TORONTO -- Police have arrested six people following an investigation into a series of "highly coordinated" vehicle rallies in Peel and York regions, in which hundreds of participants took over intersections and parking lots to perform dangerous stunts and engage in street racing.

The investigation, dubbed "Project Drift," focussed on the activities of several groups that were involved in the organization and execution of the illegal vehicle rallies.

Police say that the groups would organize and promote the rallies, which were in turn attended by hundreds of people.

They say that while the rallies would start out in one location, attendees would often be directed by organizers to go to another location in another jurisdiction once police responded to the area.

Usually, that would mean travelling along the 400 series highways from Peel to York region, or vice versa.

street racing

“This is more than just dangerous driving alone. It is actually organized drifting, street racing and taking over communities, intersections and streets to conduct dangerous, disruptive vehicle manoeuvers with a complete disregard for public safety,” Peel Regional Police Chief Nishan Duraiappah said during a news conference on Thursday morning.

“Those that choose to have a blatant disregard for community safety by engaging in these types of illegal activities need to be reminded of the consequences of their actions and that is why we are here united today.
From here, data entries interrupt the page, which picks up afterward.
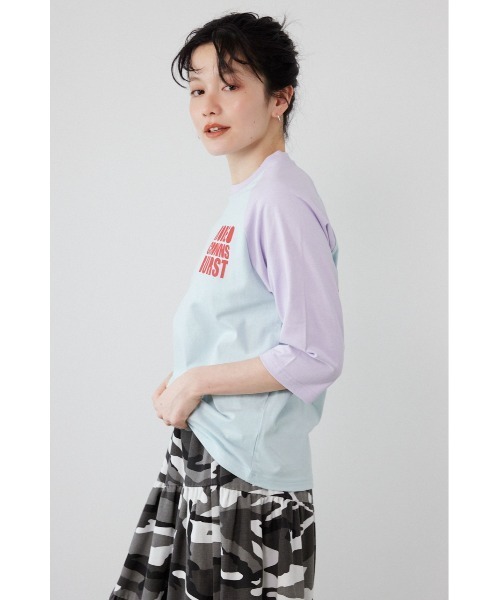 RODEO CROWNS WIDE BOWL(ロデオクラウンズワイドボウル)の「Ink Logo ラグランTシャツ(Tシャツ/カットソー・レディース・ホワイト系その他/カモフラージュ/ブラック系その他/ブルー系その他2・SMALL/MEDIUM)」の11枚目の写真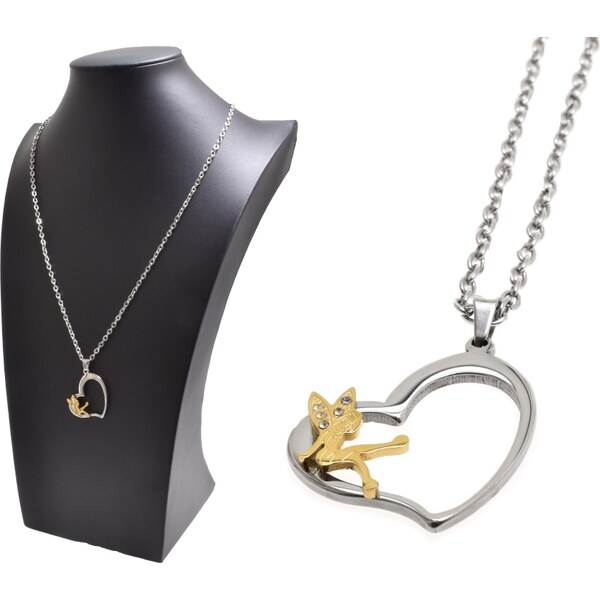 CITY STORM Retiazka s príveskom srdiečko s vílou zlatej farby 66889341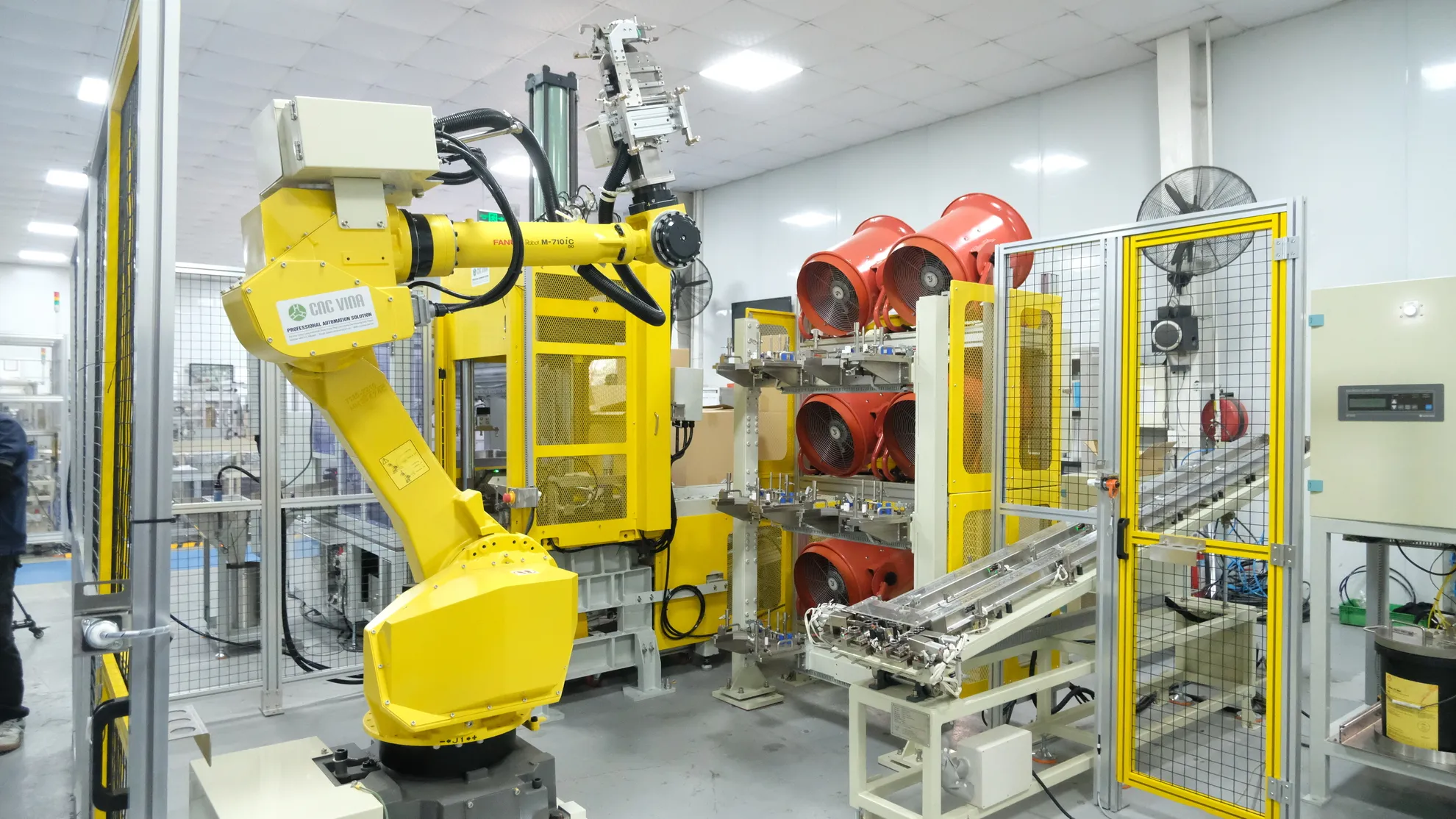 Ưu điểm của dây chuyền lắp ráp tự động tích hợp robot Ưu điểm của dây chuyền lắp ráp tự động tích hợp robot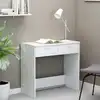 Image de vidaXL Bureau Blanc 80x40x75 cm Bois d'ingénierie
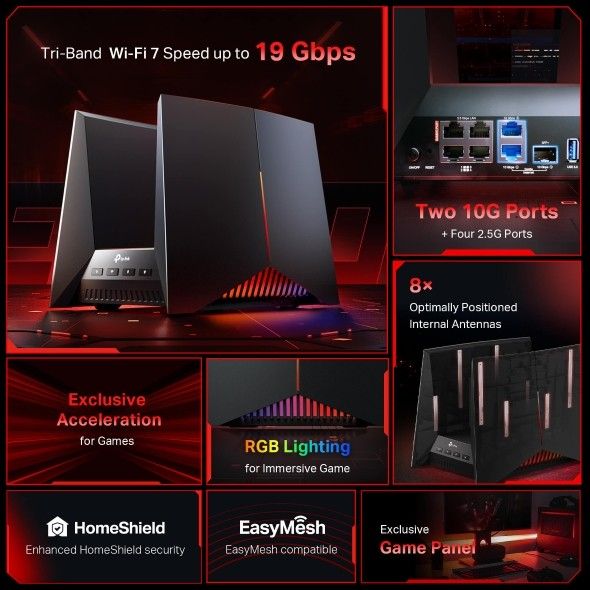 WiFi 7 Router - Archer GE800 46Gbps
The community has had enough and so have we.”

Police forces across the Greater Toronto Area began to report an uptick in stunt driving and street racing once lockdown measures related to the COVID-19 pandemic began in March.

In June, York Regional Police began a targeted enforcement effort dubbed “Project Dragnet.”

As part of that investigation they used a helicopter to observe and follow individuals engaging in illegal street racing and stunt driving and were able to lay 10 criminal charges and nearly 300 other charges under the Highway Traffic Act.

Investigators, however, soon realized that the illegal activity often spanned multiple jurisdictions so they began a joint investigation with the assistance of Peel Regional Police and Ontario Provincial Police.

On Thursday police released several video clips, in which drivers participating in the rallies could be seen doing high-speed donuts in parking lots or intersections, in some cases just barely missing individuals who were gathered in a circle to watch the illegal activity unfold. 4

Police say that those taken into custody as part of the investigation were all members of groups that promoted the rallies, including TO Takeovers, 416 Wolfpack and 905 Mexican Run.

Investigators say that while the individuals may have received some financial profits from merchandise sales and social media advertising, it appears as though they were mostly in it “for the clout.”

“The criminal acts we are speaking about involve groups of people who go to great lengths and develop a sophisticated plan to carry out dangerous racing, stunt driving and other activities on our roads. Our message to these groups is that the OPP and our policing partners also go to great lengths to develop a sophisticated plan to coordinate and carry out counter measures aimed at shutting them down,” OPP Deputy Commissioner Rose DiMarco said during Thursday’s news conference. “Project Drift is out way of saying that we will not tolerate this dangerous driving culture on our roads or in our communities.”

Jonathan Rooplal, 25, of Toronto, Tyler Kendall, 29, of Brampton, Mohamed Djebel-Ameli, 22, of Richmond Hill, Torrell Campbell, 22, of Barrie, Harmanjot Rehal, 23, of Mississauga and Amidulla Baluch, 21, of Toronto, are facing a combined 40 charges.